There seems to be a mistaken impression that because setting your own figures is permitted in late eighteenth and early nineteenth century ("Regency") English country dancing, it must be required, and people who want to dance authentically need to stop using their favorite tunes and give up all their favorite figures in favor of learning to make them up on the spot.
That's not actually true. Assuming you have good reconstructions, which admittedly is a rather large assumption given how many dreadful (in a historical sense) ones are floating around, it's perfectly possible to keep right on doing the same figures to the same tunes forever and be historically correct. It's boring, and it's not displaying high-level ballroom skills for a dancer of the era (if you can consider "able to choose a different tune now and then" a suitable bar to clear to have "high-level ballroom skills"; it seems like a pretty low bar to me), but not incorrect.
What has to change is not what you do, but how you do it and how you think about it.
Incorrect: "This dance is called [name]. Its figures are [figures]"
Correct: "Here are the figures: [figures]. We're going to dance them to the tune [name]."

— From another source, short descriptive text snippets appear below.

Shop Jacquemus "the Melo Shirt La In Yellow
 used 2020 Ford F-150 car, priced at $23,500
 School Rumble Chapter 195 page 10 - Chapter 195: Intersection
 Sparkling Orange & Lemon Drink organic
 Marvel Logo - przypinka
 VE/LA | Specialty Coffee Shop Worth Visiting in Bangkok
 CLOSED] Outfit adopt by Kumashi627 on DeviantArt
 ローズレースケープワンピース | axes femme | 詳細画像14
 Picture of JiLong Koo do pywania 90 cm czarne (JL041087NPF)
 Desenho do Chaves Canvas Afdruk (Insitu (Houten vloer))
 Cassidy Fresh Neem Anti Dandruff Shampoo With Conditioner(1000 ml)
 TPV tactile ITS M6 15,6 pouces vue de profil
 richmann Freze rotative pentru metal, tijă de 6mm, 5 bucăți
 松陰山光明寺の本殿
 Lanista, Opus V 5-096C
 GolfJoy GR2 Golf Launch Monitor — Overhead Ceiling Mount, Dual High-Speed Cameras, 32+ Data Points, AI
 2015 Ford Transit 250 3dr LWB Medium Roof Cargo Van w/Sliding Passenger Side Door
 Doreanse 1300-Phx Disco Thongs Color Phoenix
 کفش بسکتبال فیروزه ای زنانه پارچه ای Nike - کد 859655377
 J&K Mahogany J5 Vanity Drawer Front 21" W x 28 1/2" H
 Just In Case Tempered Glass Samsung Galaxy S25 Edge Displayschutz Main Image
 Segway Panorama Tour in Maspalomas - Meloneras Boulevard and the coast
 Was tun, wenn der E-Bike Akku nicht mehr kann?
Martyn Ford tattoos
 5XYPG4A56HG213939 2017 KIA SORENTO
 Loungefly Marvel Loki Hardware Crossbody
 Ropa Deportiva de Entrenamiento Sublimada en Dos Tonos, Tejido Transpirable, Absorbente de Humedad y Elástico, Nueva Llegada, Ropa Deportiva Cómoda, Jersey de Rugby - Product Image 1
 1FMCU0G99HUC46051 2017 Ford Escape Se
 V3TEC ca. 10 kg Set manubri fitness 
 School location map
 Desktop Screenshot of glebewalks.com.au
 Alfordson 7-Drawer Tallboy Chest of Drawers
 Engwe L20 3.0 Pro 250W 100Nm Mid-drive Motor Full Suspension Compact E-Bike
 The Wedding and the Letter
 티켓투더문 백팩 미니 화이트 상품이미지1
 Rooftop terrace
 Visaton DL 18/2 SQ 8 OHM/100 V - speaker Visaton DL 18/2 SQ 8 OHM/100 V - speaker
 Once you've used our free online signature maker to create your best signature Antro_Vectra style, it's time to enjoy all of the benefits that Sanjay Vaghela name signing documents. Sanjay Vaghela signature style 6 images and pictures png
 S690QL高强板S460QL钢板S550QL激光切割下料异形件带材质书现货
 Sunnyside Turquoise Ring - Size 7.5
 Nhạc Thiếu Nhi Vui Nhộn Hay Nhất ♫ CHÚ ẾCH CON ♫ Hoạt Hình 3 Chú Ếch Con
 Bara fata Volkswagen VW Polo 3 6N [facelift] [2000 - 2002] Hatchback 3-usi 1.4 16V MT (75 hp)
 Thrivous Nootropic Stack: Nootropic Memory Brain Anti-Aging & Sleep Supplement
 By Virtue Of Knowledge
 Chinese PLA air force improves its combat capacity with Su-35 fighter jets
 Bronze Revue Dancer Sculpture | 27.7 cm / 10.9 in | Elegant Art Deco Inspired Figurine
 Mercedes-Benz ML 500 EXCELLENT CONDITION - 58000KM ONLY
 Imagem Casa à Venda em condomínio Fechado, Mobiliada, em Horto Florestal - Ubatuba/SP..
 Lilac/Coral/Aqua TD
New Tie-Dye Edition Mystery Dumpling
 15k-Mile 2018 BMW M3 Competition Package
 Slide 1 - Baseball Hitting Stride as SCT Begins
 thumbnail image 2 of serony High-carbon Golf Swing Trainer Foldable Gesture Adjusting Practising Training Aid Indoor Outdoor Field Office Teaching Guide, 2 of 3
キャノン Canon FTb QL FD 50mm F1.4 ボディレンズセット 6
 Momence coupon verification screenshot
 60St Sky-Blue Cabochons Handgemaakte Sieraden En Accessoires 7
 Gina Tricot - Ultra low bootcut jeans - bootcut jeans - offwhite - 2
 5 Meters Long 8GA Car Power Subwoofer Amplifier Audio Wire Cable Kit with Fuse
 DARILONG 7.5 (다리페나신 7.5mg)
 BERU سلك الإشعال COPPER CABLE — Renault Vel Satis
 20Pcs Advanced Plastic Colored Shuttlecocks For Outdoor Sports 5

See what I did there? You can do exactly the same figures to exactly the same tune. Just...say it differently. Think about it differently. Understand the difference between a tune (music; the thing with a name) and dance figures (a selection from a limited repertoire of "glossary figures" put together in mostly-predictable ways).
And when you internalize that mindset rather than the modern one, the varied world of historical Regency dancing opens up to you.